The Sinbad series was first displayed in Cologne, at the Museum Ludwig (October 12, 2008-February 1, 2009). A limited edition catalogue, published by Walther König, Köln Germany to commemorate that exhibition is being released in February 2011.

Gerhard Richter was born in Dresden, Germany and currently lives and works in Cologne. He studied art at the Kunstakademie Dresden and the Kunstakademie Düsseldorf. He first began exhibiting in Düsseldorf in 1963. Retrospectives of the artists work have been on view at Düsseldorf's Kunsthalle, Tate Gallery, London, Gallery of Ontario and at the Museum of Contemporary Art, Chicago, and the Museum of Modern Art, New York.

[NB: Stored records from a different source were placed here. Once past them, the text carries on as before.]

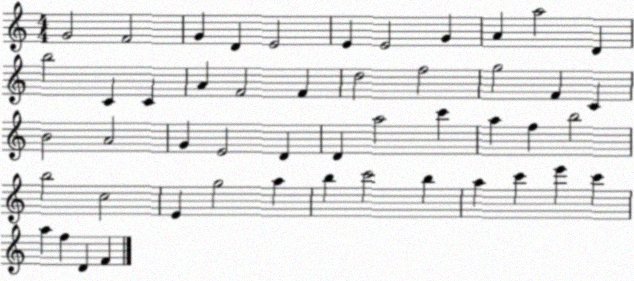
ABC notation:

X:1
T:Untitled
M:4/4
L:1/4
K:C
G2 F2 G D E2 E E2 G A a2 D b2 C C A F2 F d2 f2 g2 F C B2 A2 G E2 D D a2 c' a f b2 b2 c2 E g2 a b c'2 b a c' e' c' a f D F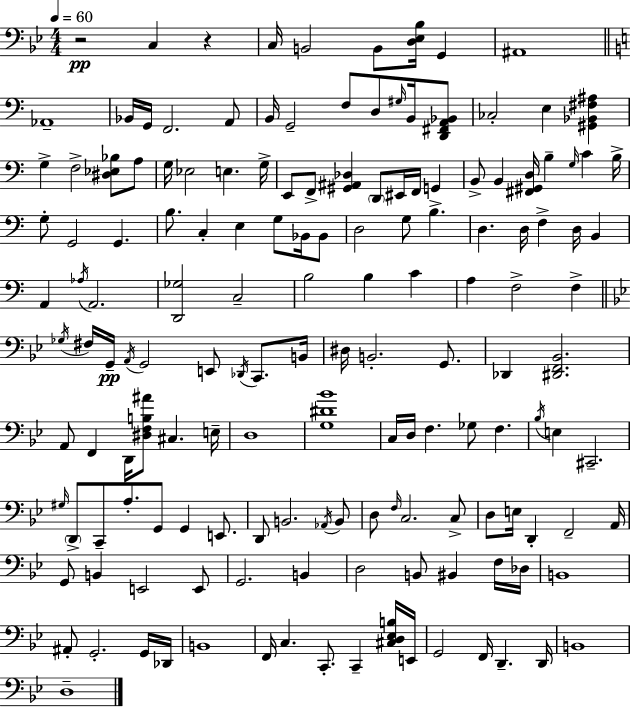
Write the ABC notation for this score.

X:1
T:Untitled
M:4/4
L:1/4
K:Bb
z2 C, z C,/4 B,,2 B,,/2 [D,_E,_B,]/4 G,, ^A,,4 _A,,4 _B,,/4 G,,/4 F,,2 A,,/2 B,,/4 G,,2 F,/2 D,/2 ^G,/4 B,,/4 [D,,^F,,A,,_B,,]/2 _C,2 E, [^G,,_B,,^F,^A,] G, F,2 [^D,_E,_B,]/2 A,/2 G,/4 _E,2 E, G,/4 E,,/2 F,,/2 [^G,,^A,,_D,] D,,/2 ^E,,/4 F,,/4 G,, B,,/2 B,, [^F,,^G,,D,]/4 B, G,/4 C B,/4 G,/2 G,,2 G,, B,/2 C, E, G,/2 _B,,/4 _B,,/2 D,2 G,/2 B, D, D,/4 F, D,/4 B,, A,, _A,/4 A,,2 [D,,_G,]2 C,2 B,2 B, C A, F,2 F, _G,/4 ^F,/4 G,,/4 A,,/4 G,,2 E,,/2 _D,,/4 C,,/2 B,,/4 ^D,/4 B,,2 G,,/2 _D,, [^D,,F,,_B,,]2 A,,/2 F,, D,,/4 [^D,F,B,^A]/2 ^C, E,/4 D,4 [G,^D_B]4 C,/4 D,/4 F, _G,/2 F, _B,/4 E, ^C,,2 ^G,/4 D,,/2 C,,/2 A,/2 G,,/2 G,, E,,/2 D,,/2 B,,2 _A,,/4 B,,/2 D,/2 F,/4 C,2 C,/2 D,/2 E,/4 D,, F,,2 A,,/4 G,,/2 B,, E,,2 E,,/2 G,,2 B,, D,2 B,,/2 ^B,, F,/4 _D,/4 B,,4 ^A,,/2 G,,2 G,,/4 _D,,/4 B,,4 F,,/4 C, C,,/2 C,, [^C,D,_E,B,]/4 E,,/4 G,,2 F,,/4 D,, D,,/4 B,,4 D,4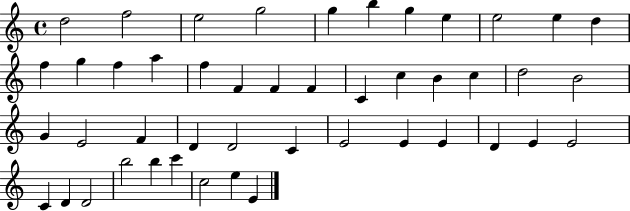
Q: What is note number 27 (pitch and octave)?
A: E4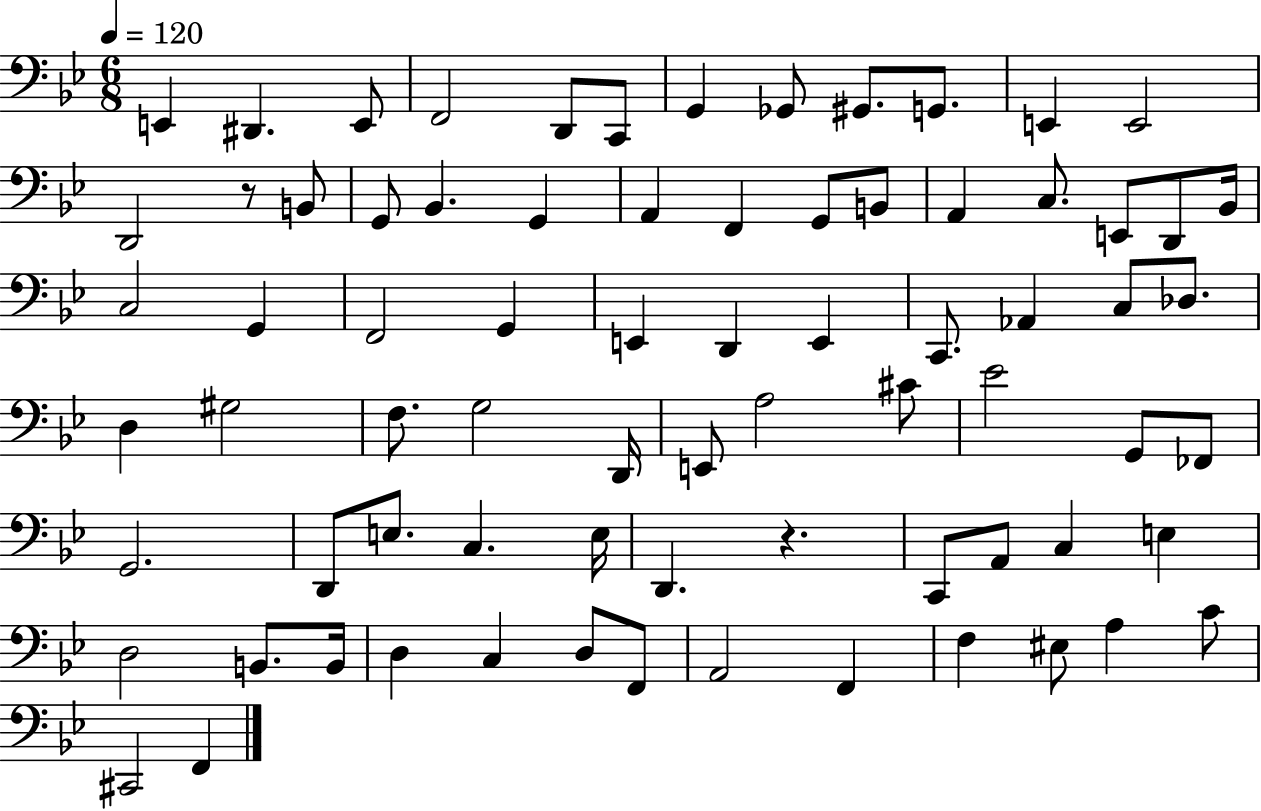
X:1
T:Untitled
M:6/8
L:1/4
K:Bb
E,, ^D,, E,,/2 F,,2 D,,/2 C,,/2 G,, _G,,/2 ^G,,/2 G,,/2 E,, E,,2 D,,2 z/2 B,,/2 G,,/2 _B,, G,, A,, F,, G,,/2 B,,/2 A,, C,/2 E,,/2 D,,/2 _B,,/4 C,2 G,, F,,2 G,, E,, D,, E,, C,,/2 _A,, C,/2 _D,/2 D, ^G,2 F,/2 G,2 D,,/4 E,,/2 A,2 ^C/2 _E2 G,,/2 _F,,/2 G,,2 D,,/2 E,/2 C, E,/4 D,, z C,,/2 A,,/2 C, E, D,2 B,,/2 B,,/4 D, C, D,/2 F,,/2 A,,2 F,, F, ^E,/2 A, C/2 ^C,,2 F,,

He has participated in several international art shows, including the Venice Biennale (1972, 1980, 1984, 1997 and 2007), as well as Documenta V (1972), VII (1982), VIII (1987), IX (1992), and X (1997). He has been the recipient of numerous prizes, including the Praemium Imperiale, Tokyo, (1997); Wolf Prize, Jerusalem (1994-1995); the Oskar Kokoschka Prize, Vienna (1985); and Arnold Bode Prize, Kassel, Germany (1981). The artist is represented by the Marian Goodman Gallery in New York.